Segment Start: INFORMATION GIVEN

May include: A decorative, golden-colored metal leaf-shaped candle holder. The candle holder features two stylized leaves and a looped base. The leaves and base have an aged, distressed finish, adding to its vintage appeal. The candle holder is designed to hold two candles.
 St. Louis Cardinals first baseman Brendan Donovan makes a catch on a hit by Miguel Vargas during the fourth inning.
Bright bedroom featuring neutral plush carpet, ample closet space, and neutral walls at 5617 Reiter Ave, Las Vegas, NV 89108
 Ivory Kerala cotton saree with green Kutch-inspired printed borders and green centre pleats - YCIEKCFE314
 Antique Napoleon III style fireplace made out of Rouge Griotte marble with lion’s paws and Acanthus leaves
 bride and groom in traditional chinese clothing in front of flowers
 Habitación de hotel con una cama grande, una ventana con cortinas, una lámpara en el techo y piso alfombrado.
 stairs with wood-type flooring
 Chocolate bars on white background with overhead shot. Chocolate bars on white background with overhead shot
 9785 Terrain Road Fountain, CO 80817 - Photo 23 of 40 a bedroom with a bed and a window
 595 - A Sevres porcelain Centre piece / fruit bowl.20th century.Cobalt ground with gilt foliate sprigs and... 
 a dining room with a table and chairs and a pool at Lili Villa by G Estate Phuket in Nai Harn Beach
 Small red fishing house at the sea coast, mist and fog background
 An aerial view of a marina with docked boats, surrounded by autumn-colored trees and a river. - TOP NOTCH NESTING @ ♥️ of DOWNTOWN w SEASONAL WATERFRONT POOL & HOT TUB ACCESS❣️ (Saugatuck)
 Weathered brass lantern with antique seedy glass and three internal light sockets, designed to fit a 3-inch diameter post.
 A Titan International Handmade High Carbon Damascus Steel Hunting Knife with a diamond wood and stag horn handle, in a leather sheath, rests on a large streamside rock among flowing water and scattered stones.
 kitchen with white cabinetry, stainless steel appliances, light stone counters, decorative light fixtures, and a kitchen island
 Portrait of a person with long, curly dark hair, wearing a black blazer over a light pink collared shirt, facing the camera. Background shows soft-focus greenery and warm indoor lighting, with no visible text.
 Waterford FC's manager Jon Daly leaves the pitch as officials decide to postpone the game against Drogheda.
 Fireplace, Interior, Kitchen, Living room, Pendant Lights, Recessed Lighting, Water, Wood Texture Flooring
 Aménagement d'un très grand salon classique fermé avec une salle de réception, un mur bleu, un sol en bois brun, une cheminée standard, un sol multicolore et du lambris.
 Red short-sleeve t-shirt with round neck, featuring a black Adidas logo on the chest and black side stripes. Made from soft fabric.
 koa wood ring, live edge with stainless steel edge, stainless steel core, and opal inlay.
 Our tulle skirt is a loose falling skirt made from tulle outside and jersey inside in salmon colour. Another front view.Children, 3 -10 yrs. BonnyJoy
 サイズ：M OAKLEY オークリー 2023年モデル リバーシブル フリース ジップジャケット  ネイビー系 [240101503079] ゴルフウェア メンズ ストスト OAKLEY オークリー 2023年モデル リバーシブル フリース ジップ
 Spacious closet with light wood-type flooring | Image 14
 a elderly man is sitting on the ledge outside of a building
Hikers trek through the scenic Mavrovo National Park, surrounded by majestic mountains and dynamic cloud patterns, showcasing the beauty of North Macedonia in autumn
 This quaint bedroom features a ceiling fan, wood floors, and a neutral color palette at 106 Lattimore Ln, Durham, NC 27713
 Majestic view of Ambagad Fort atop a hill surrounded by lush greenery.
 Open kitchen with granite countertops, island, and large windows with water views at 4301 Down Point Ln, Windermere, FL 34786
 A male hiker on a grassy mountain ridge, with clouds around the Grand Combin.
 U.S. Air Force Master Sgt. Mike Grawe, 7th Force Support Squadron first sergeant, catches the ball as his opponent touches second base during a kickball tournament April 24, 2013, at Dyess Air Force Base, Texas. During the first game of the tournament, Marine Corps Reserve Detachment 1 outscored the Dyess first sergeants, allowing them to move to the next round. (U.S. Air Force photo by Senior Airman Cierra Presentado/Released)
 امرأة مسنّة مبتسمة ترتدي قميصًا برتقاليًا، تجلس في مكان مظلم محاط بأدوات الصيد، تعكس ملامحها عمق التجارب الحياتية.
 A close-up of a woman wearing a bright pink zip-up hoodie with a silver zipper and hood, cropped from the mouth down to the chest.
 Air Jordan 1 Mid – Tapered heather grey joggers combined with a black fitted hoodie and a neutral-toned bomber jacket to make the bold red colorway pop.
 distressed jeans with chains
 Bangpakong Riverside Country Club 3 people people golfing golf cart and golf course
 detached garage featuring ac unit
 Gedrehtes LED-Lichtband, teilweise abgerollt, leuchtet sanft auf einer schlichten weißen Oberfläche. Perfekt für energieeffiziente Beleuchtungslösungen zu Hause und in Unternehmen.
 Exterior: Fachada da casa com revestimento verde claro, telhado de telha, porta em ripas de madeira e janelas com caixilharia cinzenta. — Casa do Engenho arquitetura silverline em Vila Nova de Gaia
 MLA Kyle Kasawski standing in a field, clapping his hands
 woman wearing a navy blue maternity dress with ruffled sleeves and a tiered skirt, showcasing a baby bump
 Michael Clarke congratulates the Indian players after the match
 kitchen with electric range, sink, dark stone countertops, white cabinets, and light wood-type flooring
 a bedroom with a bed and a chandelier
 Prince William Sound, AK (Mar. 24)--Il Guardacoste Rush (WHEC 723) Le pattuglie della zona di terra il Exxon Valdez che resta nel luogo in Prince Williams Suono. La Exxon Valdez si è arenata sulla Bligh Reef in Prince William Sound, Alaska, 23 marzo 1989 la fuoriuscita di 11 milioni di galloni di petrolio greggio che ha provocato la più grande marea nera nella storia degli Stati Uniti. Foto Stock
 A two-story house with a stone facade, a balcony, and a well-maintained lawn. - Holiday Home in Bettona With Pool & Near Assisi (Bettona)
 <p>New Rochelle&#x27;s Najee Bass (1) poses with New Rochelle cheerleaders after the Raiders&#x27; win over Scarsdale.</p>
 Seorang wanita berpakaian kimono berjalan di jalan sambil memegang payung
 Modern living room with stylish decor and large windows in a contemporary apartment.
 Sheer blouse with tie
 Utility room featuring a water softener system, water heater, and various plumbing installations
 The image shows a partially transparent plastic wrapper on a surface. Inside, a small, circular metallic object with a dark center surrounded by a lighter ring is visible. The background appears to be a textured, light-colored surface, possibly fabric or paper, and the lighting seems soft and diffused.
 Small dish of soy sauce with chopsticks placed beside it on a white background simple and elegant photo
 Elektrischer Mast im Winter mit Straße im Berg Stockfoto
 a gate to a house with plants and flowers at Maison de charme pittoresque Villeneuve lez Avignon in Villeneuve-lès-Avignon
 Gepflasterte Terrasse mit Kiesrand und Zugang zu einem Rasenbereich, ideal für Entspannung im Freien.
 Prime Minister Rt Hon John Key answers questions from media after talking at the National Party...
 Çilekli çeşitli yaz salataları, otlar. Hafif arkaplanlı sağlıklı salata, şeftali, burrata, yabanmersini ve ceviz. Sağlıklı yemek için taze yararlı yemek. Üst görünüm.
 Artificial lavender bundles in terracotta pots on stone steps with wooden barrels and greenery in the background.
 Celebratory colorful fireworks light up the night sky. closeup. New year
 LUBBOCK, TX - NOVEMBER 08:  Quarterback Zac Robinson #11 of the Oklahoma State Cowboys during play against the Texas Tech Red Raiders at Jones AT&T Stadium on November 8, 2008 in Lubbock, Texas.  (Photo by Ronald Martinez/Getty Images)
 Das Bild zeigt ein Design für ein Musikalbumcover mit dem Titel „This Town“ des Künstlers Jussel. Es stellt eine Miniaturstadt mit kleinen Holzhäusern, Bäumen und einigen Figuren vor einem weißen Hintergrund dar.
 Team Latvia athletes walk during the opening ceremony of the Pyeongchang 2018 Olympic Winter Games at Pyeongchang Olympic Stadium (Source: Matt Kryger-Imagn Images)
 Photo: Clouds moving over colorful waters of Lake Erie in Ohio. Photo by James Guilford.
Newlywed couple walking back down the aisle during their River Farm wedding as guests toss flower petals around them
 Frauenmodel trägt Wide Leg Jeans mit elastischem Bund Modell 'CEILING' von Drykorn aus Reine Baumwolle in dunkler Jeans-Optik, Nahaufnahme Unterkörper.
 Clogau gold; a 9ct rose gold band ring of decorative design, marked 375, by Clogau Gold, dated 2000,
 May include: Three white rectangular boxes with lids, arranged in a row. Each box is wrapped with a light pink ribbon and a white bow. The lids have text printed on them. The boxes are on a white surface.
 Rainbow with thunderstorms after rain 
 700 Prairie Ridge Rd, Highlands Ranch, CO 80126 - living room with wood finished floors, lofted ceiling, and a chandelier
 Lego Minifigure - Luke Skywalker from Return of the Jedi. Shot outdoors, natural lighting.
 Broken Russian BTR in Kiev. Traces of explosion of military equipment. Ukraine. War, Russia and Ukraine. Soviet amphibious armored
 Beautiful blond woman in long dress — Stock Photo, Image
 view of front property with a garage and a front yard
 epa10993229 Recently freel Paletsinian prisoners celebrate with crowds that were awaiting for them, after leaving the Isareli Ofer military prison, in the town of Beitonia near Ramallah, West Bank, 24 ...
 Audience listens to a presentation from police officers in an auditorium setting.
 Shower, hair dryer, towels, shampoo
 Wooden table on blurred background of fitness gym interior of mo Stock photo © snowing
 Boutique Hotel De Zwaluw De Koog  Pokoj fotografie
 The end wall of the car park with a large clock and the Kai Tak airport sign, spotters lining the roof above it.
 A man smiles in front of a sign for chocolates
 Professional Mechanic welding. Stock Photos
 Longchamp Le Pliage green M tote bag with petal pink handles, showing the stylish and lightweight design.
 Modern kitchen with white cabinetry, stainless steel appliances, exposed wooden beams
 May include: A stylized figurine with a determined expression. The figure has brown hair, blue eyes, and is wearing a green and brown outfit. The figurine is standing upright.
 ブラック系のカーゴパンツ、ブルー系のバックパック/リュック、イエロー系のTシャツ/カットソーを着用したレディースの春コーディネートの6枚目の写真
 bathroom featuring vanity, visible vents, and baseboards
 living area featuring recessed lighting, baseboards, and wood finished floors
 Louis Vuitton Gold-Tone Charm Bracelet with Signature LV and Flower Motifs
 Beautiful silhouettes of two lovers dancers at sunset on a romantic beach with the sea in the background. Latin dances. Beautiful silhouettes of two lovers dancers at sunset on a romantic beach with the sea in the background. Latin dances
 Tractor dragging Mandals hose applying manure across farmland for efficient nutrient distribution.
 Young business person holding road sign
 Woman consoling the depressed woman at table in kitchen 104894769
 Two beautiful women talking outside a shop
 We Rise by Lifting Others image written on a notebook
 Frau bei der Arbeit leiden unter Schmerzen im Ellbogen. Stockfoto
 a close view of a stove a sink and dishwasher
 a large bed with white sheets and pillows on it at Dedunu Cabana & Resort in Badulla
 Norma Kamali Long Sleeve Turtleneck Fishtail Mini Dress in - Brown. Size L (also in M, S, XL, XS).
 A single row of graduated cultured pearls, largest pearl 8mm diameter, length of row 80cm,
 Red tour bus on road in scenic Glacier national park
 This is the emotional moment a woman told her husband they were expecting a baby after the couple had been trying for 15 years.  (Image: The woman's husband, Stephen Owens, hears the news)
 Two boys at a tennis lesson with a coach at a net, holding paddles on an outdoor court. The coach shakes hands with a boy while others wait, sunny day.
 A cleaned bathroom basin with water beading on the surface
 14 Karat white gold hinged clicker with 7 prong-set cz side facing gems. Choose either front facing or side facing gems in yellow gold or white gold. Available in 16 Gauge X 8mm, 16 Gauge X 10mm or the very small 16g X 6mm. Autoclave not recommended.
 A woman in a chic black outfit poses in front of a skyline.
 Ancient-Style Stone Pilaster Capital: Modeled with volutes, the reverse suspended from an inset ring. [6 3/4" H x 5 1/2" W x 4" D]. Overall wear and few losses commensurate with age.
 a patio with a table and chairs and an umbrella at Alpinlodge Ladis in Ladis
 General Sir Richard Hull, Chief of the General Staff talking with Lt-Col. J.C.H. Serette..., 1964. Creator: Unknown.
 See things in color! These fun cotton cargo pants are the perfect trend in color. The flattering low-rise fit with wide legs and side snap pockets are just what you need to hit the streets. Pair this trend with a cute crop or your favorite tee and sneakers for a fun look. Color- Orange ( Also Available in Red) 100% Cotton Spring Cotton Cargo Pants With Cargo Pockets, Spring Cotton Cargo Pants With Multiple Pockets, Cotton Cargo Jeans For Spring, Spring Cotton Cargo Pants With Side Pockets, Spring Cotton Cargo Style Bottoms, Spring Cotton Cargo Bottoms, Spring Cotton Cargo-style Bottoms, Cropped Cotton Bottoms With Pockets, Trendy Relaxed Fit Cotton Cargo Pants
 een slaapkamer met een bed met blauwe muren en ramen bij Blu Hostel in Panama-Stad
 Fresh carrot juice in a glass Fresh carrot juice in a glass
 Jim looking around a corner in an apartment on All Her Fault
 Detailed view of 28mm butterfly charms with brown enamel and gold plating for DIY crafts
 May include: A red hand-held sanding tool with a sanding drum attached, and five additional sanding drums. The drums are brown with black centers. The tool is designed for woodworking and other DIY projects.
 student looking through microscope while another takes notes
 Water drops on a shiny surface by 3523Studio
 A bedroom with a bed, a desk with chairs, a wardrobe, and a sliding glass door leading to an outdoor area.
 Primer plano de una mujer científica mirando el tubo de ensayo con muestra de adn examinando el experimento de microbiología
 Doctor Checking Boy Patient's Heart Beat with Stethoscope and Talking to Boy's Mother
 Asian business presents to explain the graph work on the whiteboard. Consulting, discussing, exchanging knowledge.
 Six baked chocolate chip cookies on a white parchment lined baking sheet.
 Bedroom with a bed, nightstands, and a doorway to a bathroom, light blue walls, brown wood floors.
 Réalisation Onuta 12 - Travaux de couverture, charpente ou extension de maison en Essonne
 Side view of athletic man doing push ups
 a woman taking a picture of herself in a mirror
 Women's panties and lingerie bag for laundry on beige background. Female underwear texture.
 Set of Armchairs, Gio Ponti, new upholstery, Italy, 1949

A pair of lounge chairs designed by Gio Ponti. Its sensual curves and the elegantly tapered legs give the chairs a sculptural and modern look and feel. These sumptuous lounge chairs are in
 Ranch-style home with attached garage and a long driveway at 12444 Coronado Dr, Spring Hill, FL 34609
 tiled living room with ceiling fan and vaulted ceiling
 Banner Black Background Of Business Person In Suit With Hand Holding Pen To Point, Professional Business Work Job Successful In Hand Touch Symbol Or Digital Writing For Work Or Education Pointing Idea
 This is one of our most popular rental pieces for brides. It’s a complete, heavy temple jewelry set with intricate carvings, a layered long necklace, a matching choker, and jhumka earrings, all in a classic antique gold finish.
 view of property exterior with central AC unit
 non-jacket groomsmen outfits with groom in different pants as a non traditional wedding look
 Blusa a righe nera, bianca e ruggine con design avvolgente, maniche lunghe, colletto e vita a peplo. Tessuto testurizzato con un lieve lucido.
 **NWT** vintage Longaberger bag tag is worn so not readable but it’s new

Segment End: INFORMATION GIVEN

Copy out the lines above exactly, beginning at the one that contains "595 - A Sevres" and ending at the one that contains "A Titan International".

### TASK OUTPUT
 595 - A Sevres porcelain Centre piece / fruit bowl.20th century.Cobalt ground with gilt foliate sprigs and... 
 a dining room with a table and chairs and a pool at Lili Villa by G Estate Phuket in Nai Harn Beach
 Small red fishing house at the sea coast, mist and fog background
 An aerial view of a marina with docked boats, surrounded by autumn-colored trees and a river. - TOP NOTCH NESTING @ ♥️ of DOWNTOWN w SEASONAL WATERFRONT POOL & HOT TUB ACCESS❣️ (Saugatuck)
 Weathered brass lantern with antique seedy glass and three internal light sockets, designed to fit a 3-inch diameter post.
 A Titan International Handmade High Carbon Damascus Steel Hunting Knife with a diamond wood and stag horn handle, in a leather sheath, rests on a large streamside rock among flowing water and scattered stones.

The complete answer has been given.